Saying You Want to Shrink the Fed Is One Thing. Doing It Is Another.
Kevin Warsh’s vision of ‘regime change’ at the central bank could mean tighter times for markets
By Telis Demos, The Wall Street Journal, Feb. 2, 2026
…
Warsh has written that the Fed balance sheet is “bloated,” and that its expansion has been one of the main drivers of inflation. Shrinking it, he argues, could allow for lower rates.
“If we would run the printing press a little quieter, we could then have lower interest rates,” he said last year in the Hoover Institution interview. “Because what we’re doing right now is, we have all this money that’s being flooded into the system, which causes inflation to be above target.”…
“Money on Wall Street is too easy, and credit on Main Street is too tight,” Warsh recently wrote. The Fed’s “largesse can be redeployed in the form of lower interest rates to support households and small and medium-size businesses.”
But thus far, when the Fed has sought to allow its balance sheet to shrink, often called quantitative tightening, at some point this has caused disruptions to markets. …
Getting unhooked from the era of easy money could bring some headaches along the way. [end quote]
Ya think?
Wall Street has become hooked on the crack cocaine of easy money for an entire generation, since Fed Chair lowered the fed funds rate after the 2000 dot-com crash and a succession of Fed chairs kept it too low through and past the 2008 GFC’s recovery and the Covid emergency.
At the same time that the low fed funds rate kept short duration yields low the Fed’s QE suppressed long duration yields.
The Fed’s suppression caused asset price inflation since the banks provided leverage for asset purchases like mortgage loans for homes.
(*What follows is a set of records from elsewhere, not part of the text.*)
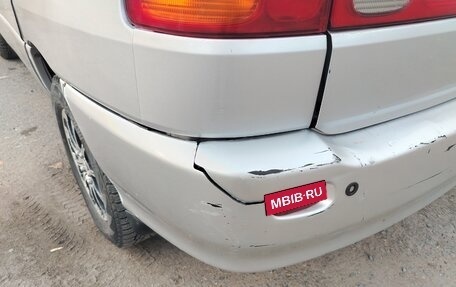 Toyota Ipsum II, 1998 год, 550 000 рублей, 19 фотография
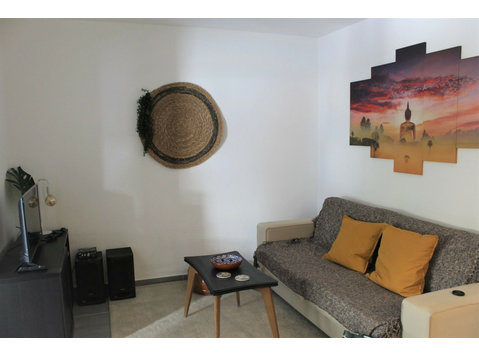 Flatio - all utilities included - Casa Palmeira Azul by… - For Rent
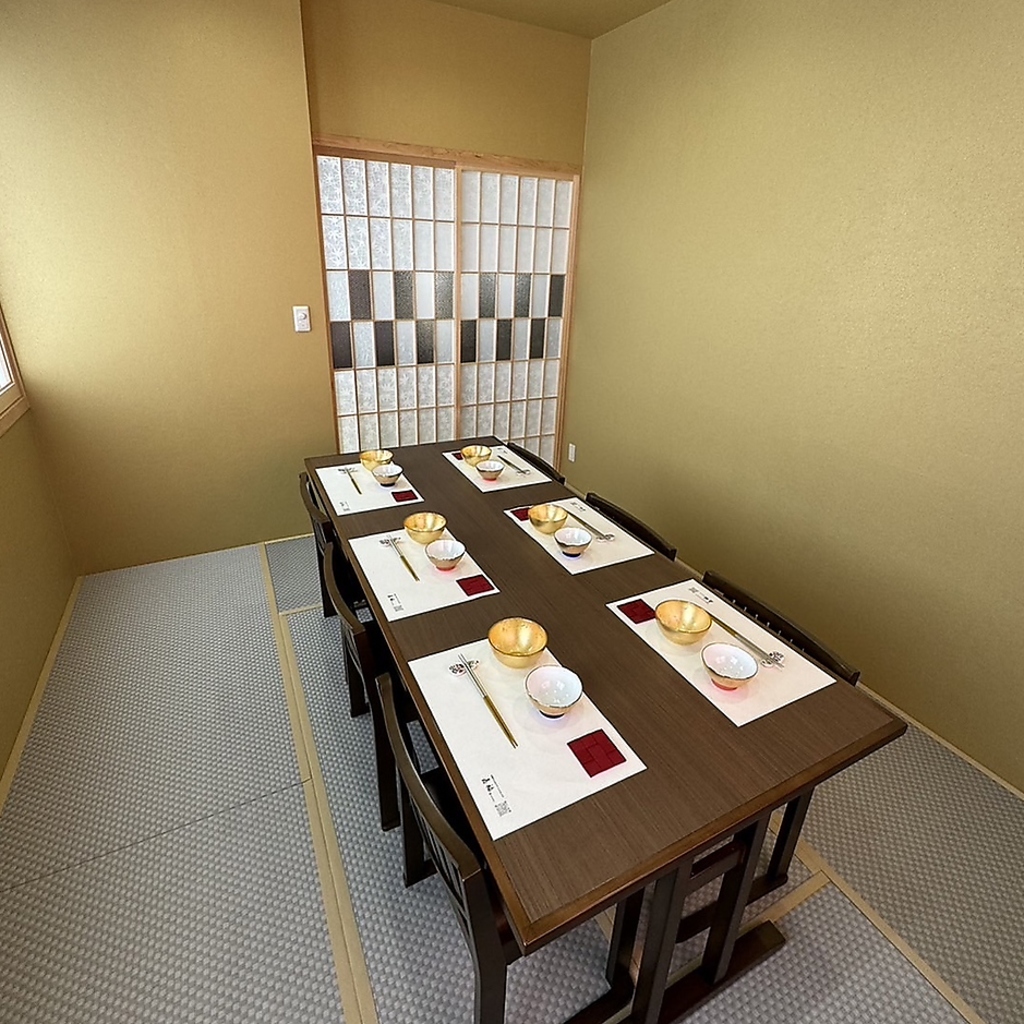 【個室完備】大人の雰囲気広がる店内。2名～20名様までご利用可能な個室を完備しております。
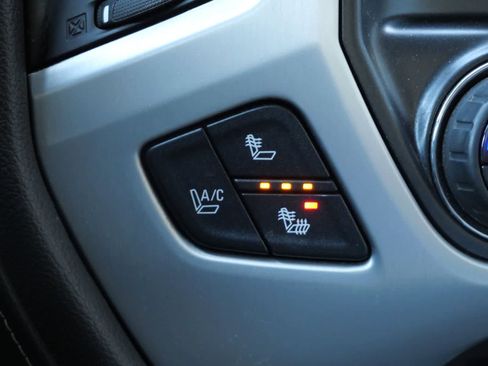 Used 2014 GMC Sierra 1500 SLT w/ SLT Crew Cab Value Package image 21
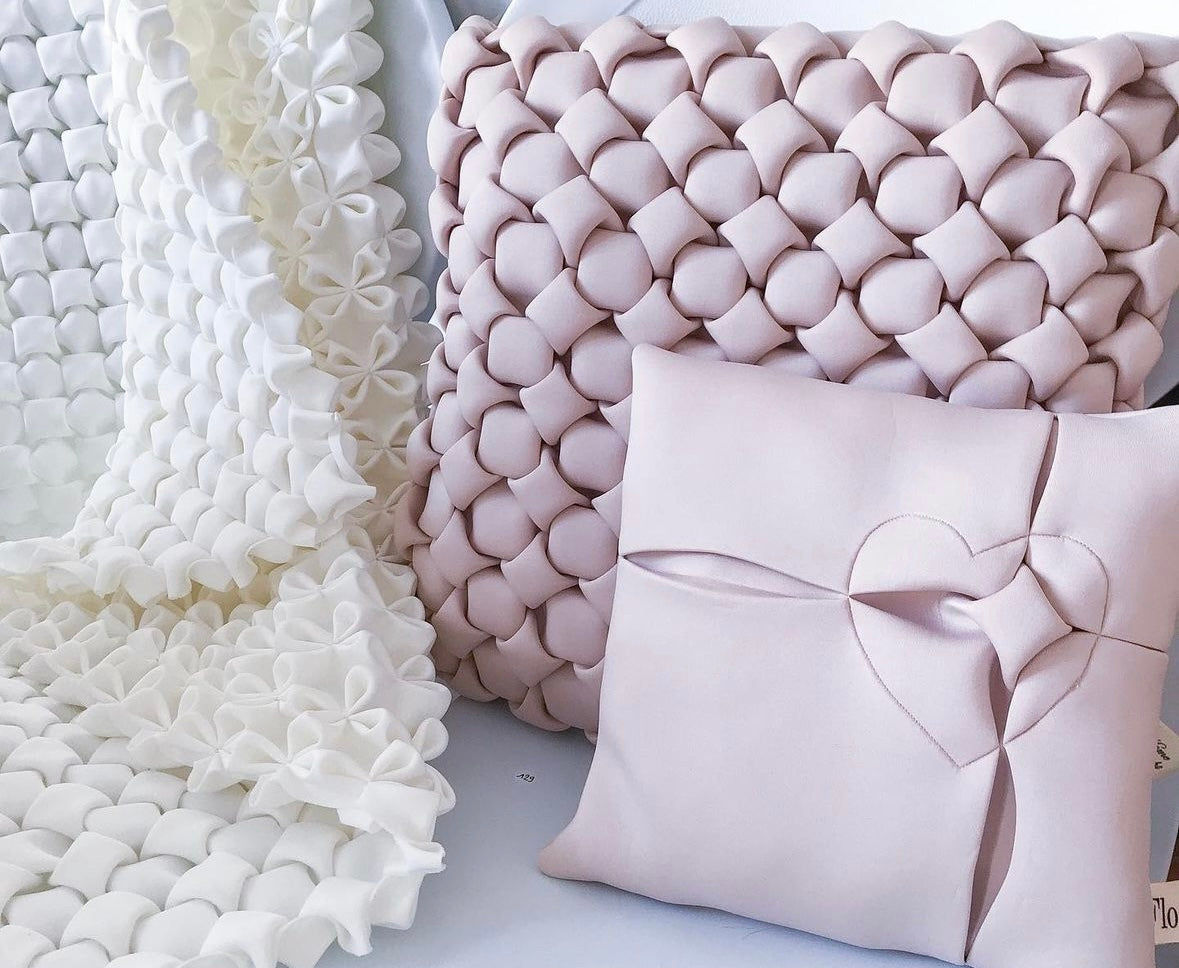 Flo Home Delight handgefertigte Decke aus Nepopren weiss/rosé - BITANGELHOMES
The monetary stimulus from the Fed doesn’t directly cause consumer price inflation like fiscal stimulus from Congress, which goes directly into consumer pockets as spending money.
Shrinking the Fed’s balance sheet, even if they simply allow their bloated book of bonds to roll off in time instead of selling them, will free the bond market to price debt. The asset markets haven’t seen a truly free bond market since 2008.
What happens when an addict suddenly has the drug withdrawn?
Never mind the fed funds rate. The screaming will come when the long term yields are allowed to rise. Banks may fail (like Silicon Valley Bank) when the value of even the safest bonds (Treasurys) plunge. Investors who bought bond funds (instead of constructing bond ladders) will see the NAVs melt away. Mortgage rates will rise, deflating the housing bubble. And the stock market will fall as the bond market pulls money toward higher-yielding investments.